DVD Review: The Hustler

20th Century Fox
Movie •••• Picture ••••½ Sound •••½ Extras •••
Robert Rossen's brilliant The Hustler (1961) won Oscars for art direction and cinematography. It did so by delivering richly textured, subtly shaded, atmospheric black-and-white images of American pool-hall squalor, all of which plays beautifully on this sharp, near-flawless transfer. You can practically smell the dusty rooms and the all-night greasy spoons. The picture goes a little soft toward the end (probably due to lesser source materials), but by that time the die has been cast. Both the stereo and the original mono soundtracks are as crisp and clean as possible, given the time period. The crack of the balls on the break is potent and familiar.

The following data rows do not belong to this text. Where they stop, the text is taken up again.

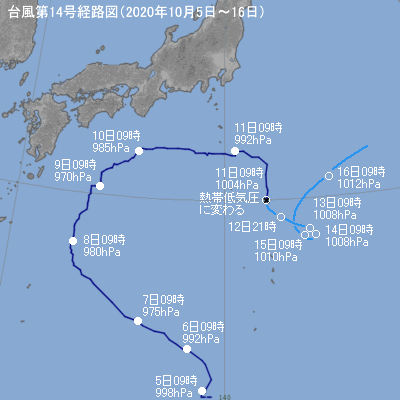 台風第19号の経路図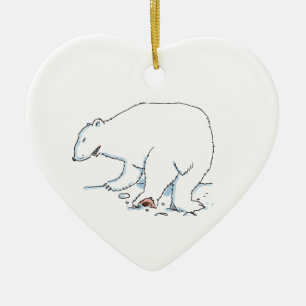 Ornement en céramique en forme de cœur d'ours pola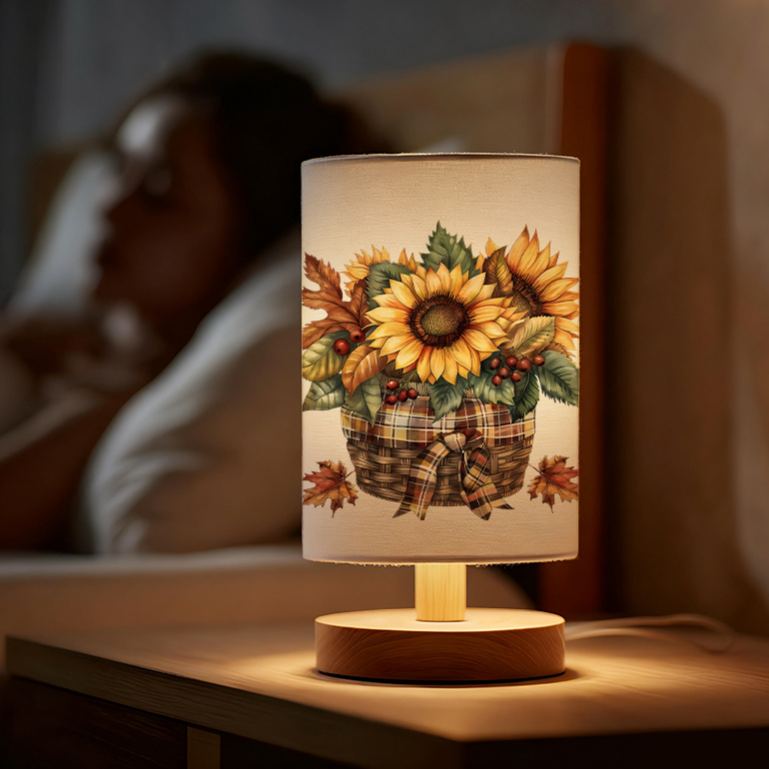 USB-Powered Linen Table Lamp with Sunflower & Rustic Farmhouse Design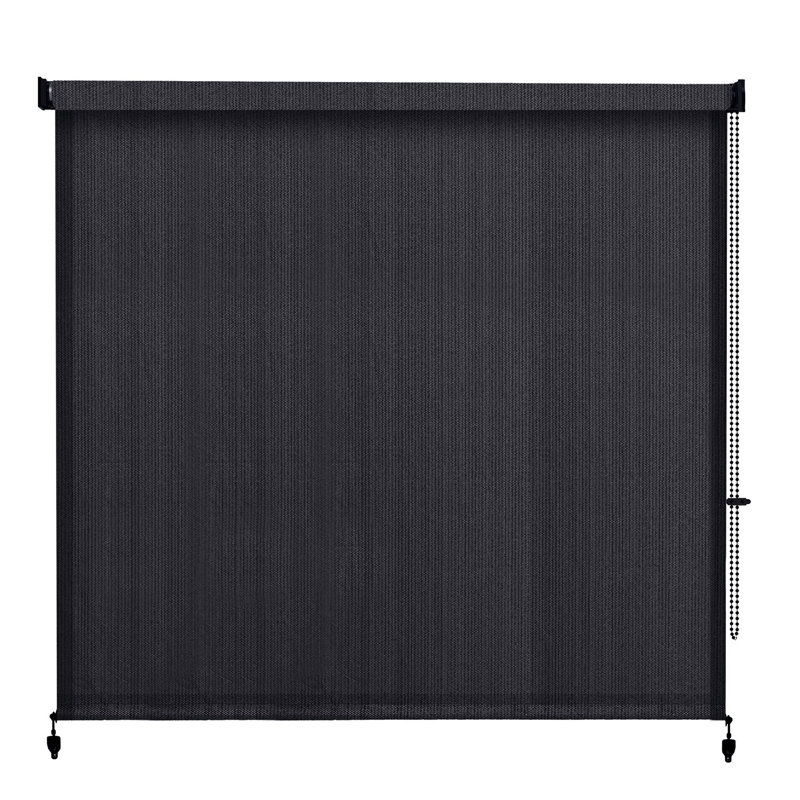 Store à enroulement semi-transparent d'extérieur avec store enroulable à cordon, Rectangle 96 po x 96 po, Noir graphite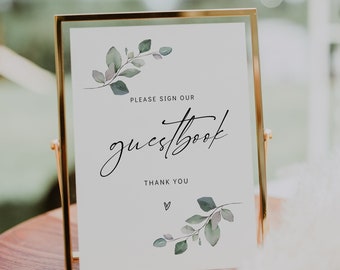 Greenery Guestbook Sign, Wedding Guest Book Template, Printable Signs, Sign for Guest Book, Canva Templates | 80G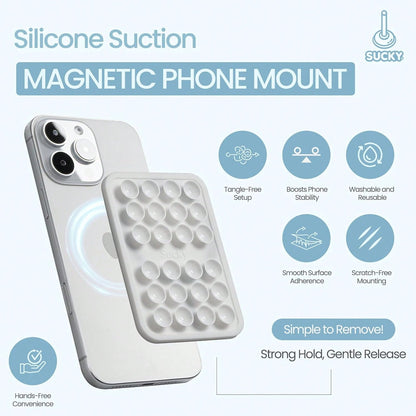 Silicone Suction Phone Case Adhesive Mount - Anti-Slip Holder, Hands-Free Fidget Toy, Phone Accessory For And Android (Crystal White, Magnetic),10964263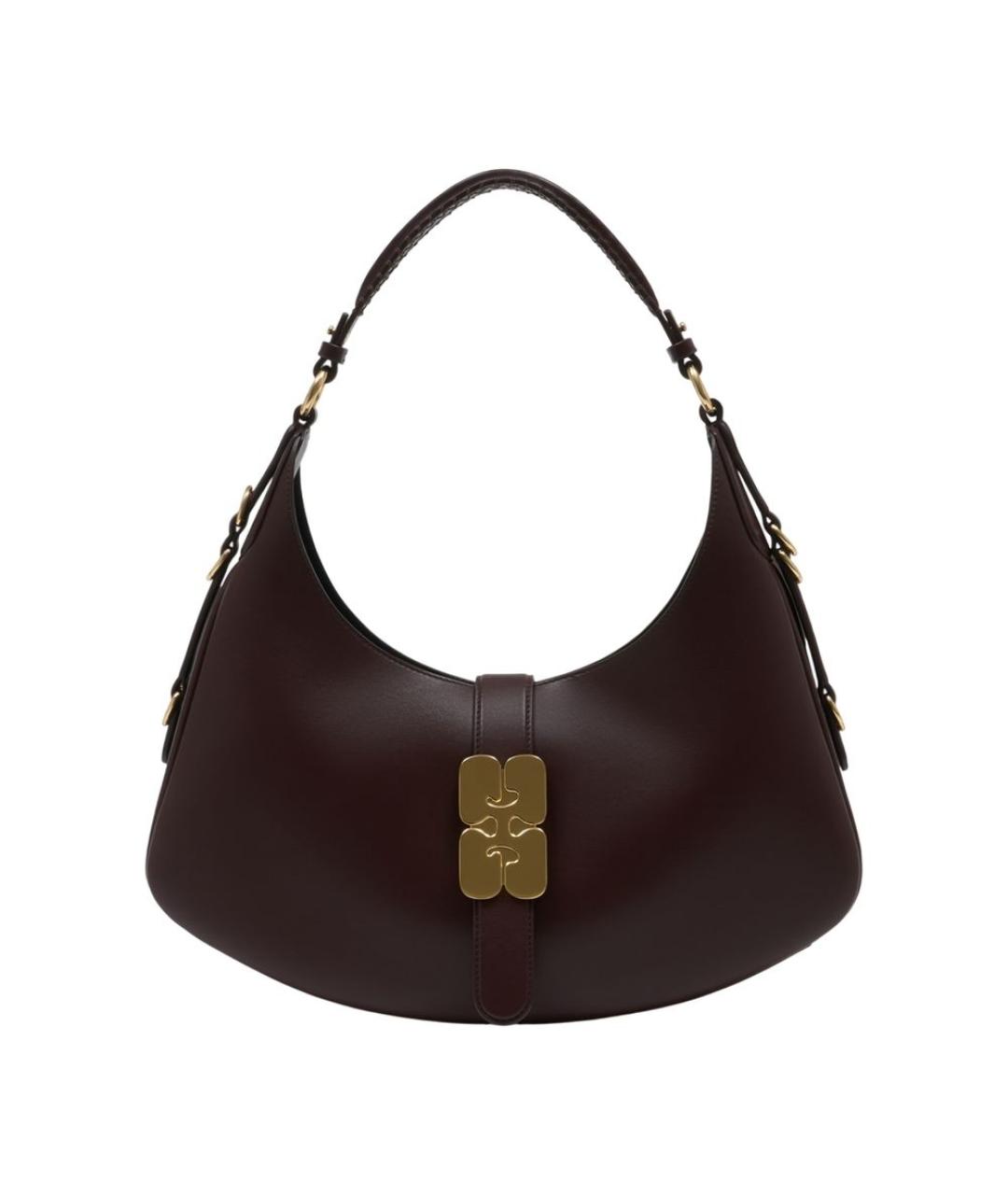 GANNI Коричневая кожаная сумка с короткими ручками, фото 1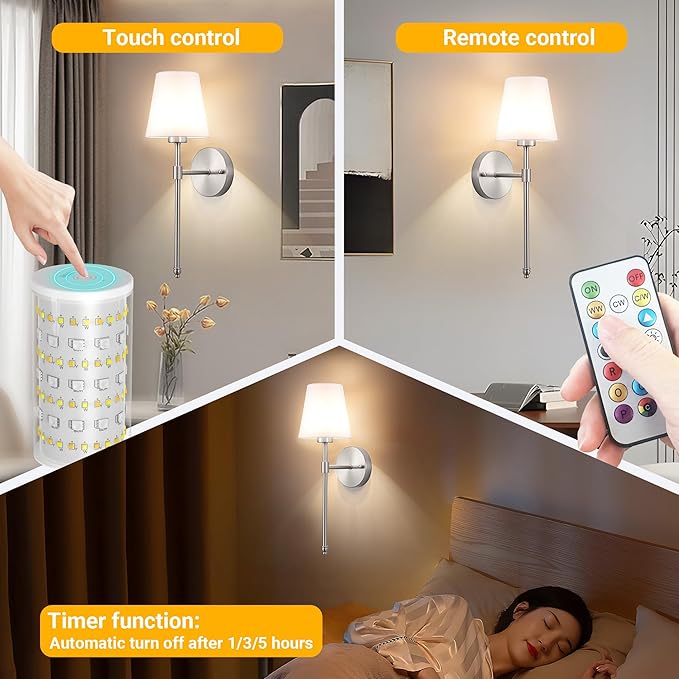 Peel and Stick Wall Sconces, Stick On Wall Sconce Set of 2, Battery Operated Wireless Wall Light, No Drill Adhesive Wall Lamp, Corn Bulb with 10000mAh Rechargeable Battery, Bedroom Wall Decor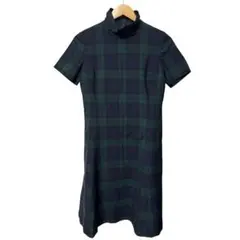 訳あり Yorkland ハイネック ワンピース フレア Aライン 9 チェック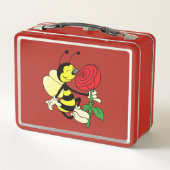 Lunch Box Abeille à kornets noire et jaune avec une rose rou (Dos)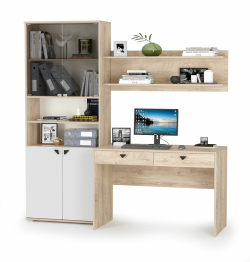 Рабочий стол с полкой и шкафом Бостон № 37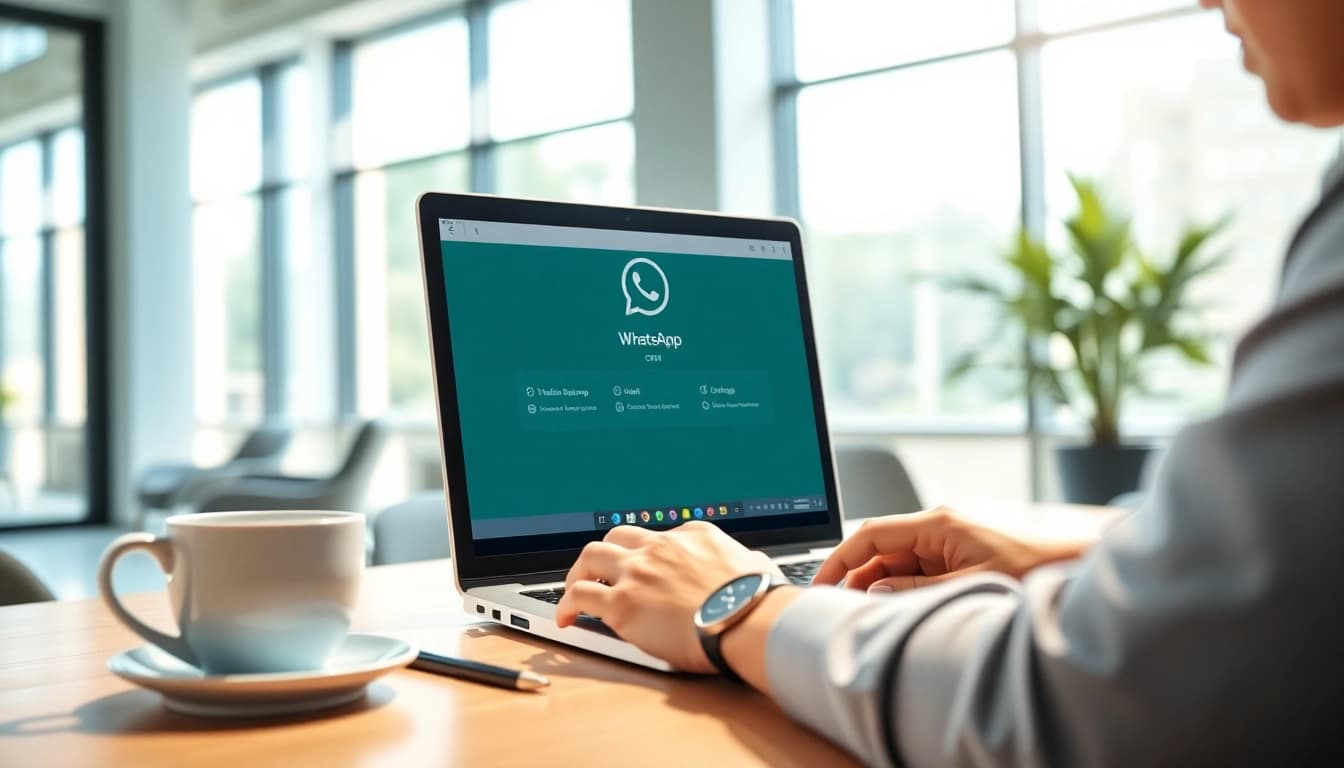 Boost customer engagement with WhatsApp Business CRM in a modern office setting.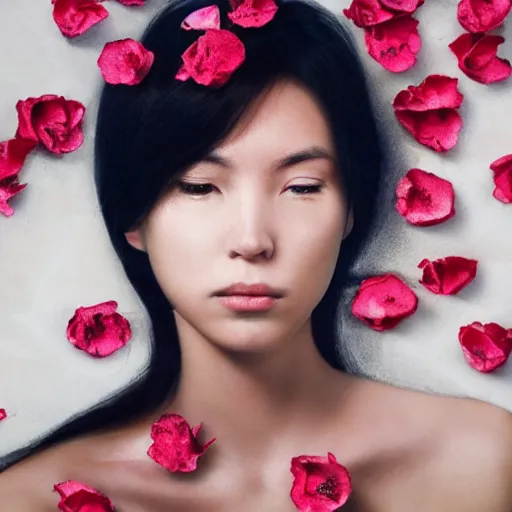 Prompt: made by naoto hatorri, beautiful woman covered in tiny rose petals, closeup portrait shot, hyper - detailed, 4 k concept art, smooth, sharp focus. - h 7 6 8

This two-disc set features an ambitious collection of extras that occasionally falls short of the mark. A disjointed commentary cobbles together the memories of seven cast and crew members (and their relatives), but it delivers only a few memorable stories. A disappointing trick-shot analysis by pool expert Mike Massey can be watched as a pop-up within the film or separately, but it describes what we see onscreen without actually explaining how it's done. An episode of A&E's Biography tells the life story of star Paul Newman in a surprisingly even-toned way. Four original documentaries, totaling about 75 minutes, do a professional job of covering every aspect of the production and add some welcome insight into real-life pool hustlers. [NR] English, Dolby Digital stereo and mono; French and Spanish, Dolby Digital mono; letterboxed (2.35:1) and anamorphic widescreen; two dual-layer discs.